In search of WC on Madeira

IN JANUARY 1950, the famous writer, painter, and politician, Winston Spencer Churchill (‘WC’) paid a short visit to the island of Madeira with his wife and his eldest daughter. They were accompanied by various British officials.

WC arrived on the island by sea, and stayed in the luxurious Reid’s Hotel in Funchal, which continues to flourish today. He left by seaplane a few days later to attend to affairs connected with an upcoming election in the UK.

While we were visiting the excellent photographic museum in central Funchal, we saw some photographs of Churchill, which were taken during his excursion to the picturesque fishing port of Camara de Lobos, which is a few miles west of Funchal. The photographs show WC painting a picture of the lovely bay surrounded by serried rows of houses. I have yet to see the picture, which I hope still exists.

We took a local bus to Camara de Lobos and disembarked close to a small bar named after WC. This is located close to a terrace overlooking the bay and its fishing boats. It was from here that he painted. A monument records this episode.

In 2019, a new hotel opened, the Churchill Bay. Outside its entrance, there is a sculpture depicting WC with cigar held between his lips. He is shown seated at an easel. Within the hotel’s lounge and bar, there is a fascinating collection of Churchilliana – photographs; letters signed by WC; a portrait by Felix Topolski; and contemporary artworks relating to WC.

Whether or not you are a fan of the Great WC, Camara de Lobos deserves a visit. Although there are plenty of tourists there, it manages to retain the feeling of a traditional fishing village.

An eminent tourist

MANY YEARS AGO, a now deceased Greek friend, ‘S’, related the following story.

S was born in a small port in the Peloponnese long before WW2. It was a place that tourists disembarked from their boats to visit the Ancient Greek archaeological site of Olympia. S left school at an early age (by the age of about 12 to earn money by working on the docks of the small town. When cruise ships called in at the port, he offered services as a tourist guide to earn a few extra Drachmas.

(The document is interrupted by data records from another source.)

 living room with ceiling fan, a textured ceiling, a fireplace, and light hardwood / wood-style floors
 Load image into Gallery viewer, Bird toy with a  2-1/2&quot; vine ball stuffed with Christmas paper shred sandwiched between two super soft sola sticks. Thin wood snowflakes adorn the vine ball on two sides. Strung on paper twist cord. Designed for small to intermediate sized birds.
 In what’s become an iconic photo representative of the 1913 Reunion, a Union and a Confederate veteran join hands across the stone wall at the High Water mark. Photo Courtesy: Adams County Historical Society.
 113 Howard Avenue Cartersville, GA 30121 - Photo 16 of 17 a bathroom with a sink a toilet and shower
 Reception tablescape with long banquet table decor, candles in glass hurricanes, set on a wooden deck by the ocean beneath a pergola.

Most of the tourists swallowed the tales that S told them as they wandered around Olympia. However, one day he met his match. An English gentleman accepted his offer to act as his guide. Soon after they reached the site and S had begun giving his customer his ‘spiel’, the Englishman stopped him, saying

“Listen, young man. It is clear that you know nothing about this site and its history. Let me tell you the correct story.”

S listened to his well-informed customer with interest and amazement. It turned out that the knowledgeable gentleman was no other than the future Prime Minister of the UK, Winston Churchill.

Many years later during one of my several visits to Olympia, I was standing in the lobby of a hotel near the site on a warm afternoon. The place was filled with members of an American tourist group. One lady asked her friend if she was going to take a tour around the famous site. The friend replied:

“Aw, no. It’s too damned hot to see more of those old rocks.”

Two heads in Cornwall

BIRDS WITH TWO heads have fascinated me ever since I first became interested in Albania when I was about 15 years old. Just in case you did not know, the flag of Albania (and several other countries) bears an eagle with two heads. Another place that uses this imaginary bird with two heads as a symbol is a place I visit frequently: Karnataka State (formerly Mysore State) in the south of India. Currently (June 2021), unable to visit either Albania or India, we are on holiday in the English county of Cornwall. At least two Cornish families have employed this imaginary double-headed creature as a symbol: the Killigrews and the Godolphins.  The famous banking family, the Hoares, also use the double-headed bird on their crest. A branch of this family might have originated in Cornwall (www.houseofnames.com/hoare-family-crest).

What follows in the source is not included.